We know the health and safety of your pet(s) is important to you. You make sure they have their annual wellness exam, keep up-to-date on their vaccinations, and feed them a healthy diet. However, there’s much more we can do to protect and keep our furry friends safe and help them live longer and happier lives.
About National Animal Safety & Protection Month
National Animal Safety and Protection Month was created to promote the safe practice of caring for the animals in our lives. In addition, it also helps raise awareness and offers the opportunity to share tips and tools so pet parents can be better prepared in the event of an emergency or illness.
Pet First Aid App
A great resource for pet owners is the American Red Cross “Pet First Aid” app for your smartphone or tablet. The app is free and it’s a handy resource that provides dog and cat owners with information like normal breathing and heart rates for pets and what to do in case of emergencies like burns, heat-related illnesses or poisoning. In addition, the app also offers fire safety tips, a pet-friendly hotel search tool, and links to the nearest AAHA-accredited emergency pet hospital including our 24/7 ER location in Dundee.
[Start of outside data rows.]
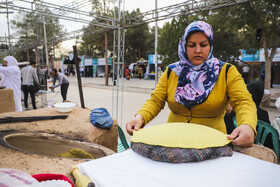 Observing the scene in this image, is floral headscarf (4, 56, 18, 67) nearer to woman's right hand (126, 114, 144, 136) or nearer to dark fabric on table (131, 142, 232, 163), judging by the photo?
woman's right hand (126, 114, 144, 136)

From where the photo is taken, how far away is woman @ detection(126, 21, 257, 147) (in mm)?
1227

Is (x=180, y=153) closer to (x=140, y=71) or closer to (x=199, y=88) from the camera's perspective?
(x=199, y=88)

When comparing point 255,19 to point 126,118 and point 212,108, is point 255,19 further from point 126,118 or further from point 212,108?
point 212,108

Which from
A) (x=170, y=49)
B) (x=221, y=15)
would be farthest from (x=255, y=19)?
(x=170, y=49)

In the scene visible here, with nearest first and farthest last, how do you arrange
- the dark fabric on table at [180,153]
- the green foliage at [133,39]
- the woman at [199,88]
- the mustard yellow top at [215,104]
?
the dark fabric on table at [180,153] → the mustard yellow top at [215,104] → the woman at [199,88] → the green foliage at [133,39]

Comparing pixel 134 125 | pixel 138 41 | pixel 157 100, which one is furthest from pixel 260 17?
pixel 138 41

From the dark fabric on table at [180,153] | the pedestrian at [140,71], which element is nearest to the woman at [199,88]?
the dark fabric on table at [180,153]

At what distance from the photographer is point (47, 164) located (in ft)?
4.09

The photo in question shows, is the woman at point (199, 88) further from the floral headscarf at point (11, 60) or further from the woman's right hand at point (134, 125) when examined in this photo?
the floral headscarf at point (11, 60)

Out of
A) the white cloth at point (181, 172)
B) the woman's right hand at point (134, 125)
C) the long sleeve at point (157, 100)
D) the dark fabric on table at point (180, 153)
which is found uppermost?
the long sleeve at point (157, 100)

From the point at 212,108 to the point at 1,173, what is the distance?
117 centimetres

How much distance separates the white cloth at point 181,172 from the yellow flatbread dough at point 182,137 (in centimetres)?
8

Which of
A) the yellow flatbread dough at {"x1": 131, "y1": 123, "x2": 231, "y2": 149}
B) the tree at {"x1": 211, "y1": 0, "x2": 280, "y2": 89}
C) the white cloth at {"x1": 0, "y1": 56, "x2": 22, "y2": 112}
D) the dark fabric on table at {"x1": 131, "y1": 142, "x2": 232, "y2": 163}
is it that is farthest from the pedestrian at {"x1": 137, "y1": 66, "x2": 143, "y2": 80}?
the dark fabric on table at {"x1": 131, "y1": 142, "x2": 232, "y2": 163}

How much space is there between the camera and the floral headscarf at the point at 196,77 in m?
1.27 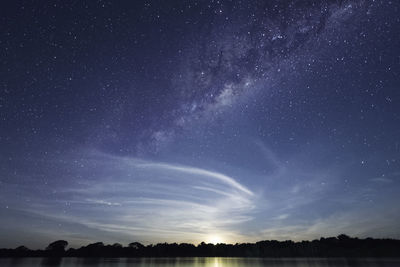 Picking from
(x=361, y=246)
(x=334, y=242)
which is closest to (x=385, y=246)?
(x=361, y=246)

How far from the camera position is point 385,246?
175625 millimetres

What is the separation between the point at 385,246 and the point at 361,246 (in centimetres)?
1297

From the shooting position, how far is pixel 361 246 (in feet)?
598

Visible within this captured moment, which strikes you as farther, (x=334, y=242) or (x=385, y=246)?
(x=334, y=242)

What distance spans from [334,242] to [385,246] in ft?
99.0

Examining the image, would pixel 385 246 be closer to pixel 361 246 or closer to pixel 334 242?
pixel 361 246

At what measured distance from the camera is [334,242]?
7731 inches

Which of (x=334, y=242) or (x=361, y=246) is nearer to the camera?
(x=361, y=246) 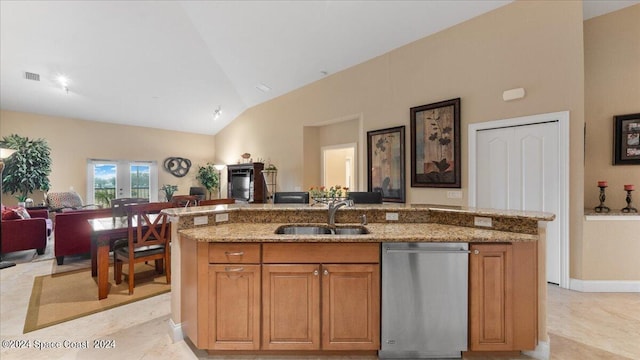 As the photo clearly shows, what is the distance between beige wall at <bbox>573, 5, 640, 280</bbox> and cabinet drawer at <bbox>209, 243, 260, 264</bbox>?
3.62m

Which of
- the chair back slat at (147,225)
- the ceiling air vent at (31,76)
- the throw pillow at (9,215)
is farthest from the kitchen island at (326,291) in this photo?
the ceiling air vent at (31,76)

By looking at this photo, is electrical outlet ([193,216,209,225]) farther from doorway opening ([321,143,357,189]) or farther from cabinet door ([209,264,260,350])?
doorway opening ([321,143,357,189])

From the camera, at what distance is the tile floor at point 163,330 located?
2.05 meters

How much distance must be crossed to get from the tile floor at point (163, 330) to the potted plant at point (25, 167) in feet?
13.9

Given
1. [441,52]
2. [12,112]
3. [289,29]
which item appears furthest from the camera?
[12,112]

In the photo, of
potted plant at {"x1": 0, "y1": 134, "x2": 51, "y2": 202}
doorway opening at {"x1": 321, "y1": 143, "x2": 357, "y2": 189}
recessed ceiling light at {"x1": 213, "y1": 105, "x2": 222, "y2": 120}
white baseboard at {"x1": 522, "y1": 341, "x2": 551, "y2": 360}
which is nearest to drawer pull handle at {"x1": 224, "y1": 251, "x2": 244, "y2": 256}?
white baseboard at {"x1": 522, "y1": 341, "x2": 551, "y2": 360}

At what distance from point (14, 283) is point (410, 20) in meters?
6.12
It’s a great resource to have at your fingertips when you need information quickly and easily in the event of an emergency. You can click on the links to download the iPhone or Android app or text “GETPET” to 90999.
Other Ways to Participate
Some other ways you can participate in National Animal Safety & Protection Month include:
- Having regular veterinary exams and staying up-to-date on annual vaccinations and heartworm & flea/tick preventatives.
- Creating a pet preparedness kit and having an emergency plan in place in case of disasters.
- Making sure your pet is microchipped or, at the very least, wears a collar with an ID tag.
- Using safety restraint devices to secure your pet when traveling with them in the car.
- Doing a check of the house (both inside and out) to make sure your home is “pet-proofed”. It’s important to know which plants and other items are toxic to pets and removing them from your pet’s reach. In addition, make sure to look out for any potential choking hazards that may be lying around your house or yard.
- Knowing your pet’s “baseline”. Observe and get to know your pet’s normal behavior: their eating habits, urination and defecation frequency, energy level and personality. That way, you’ll know if your pet is acting “off” and to contact your veterinarian right away.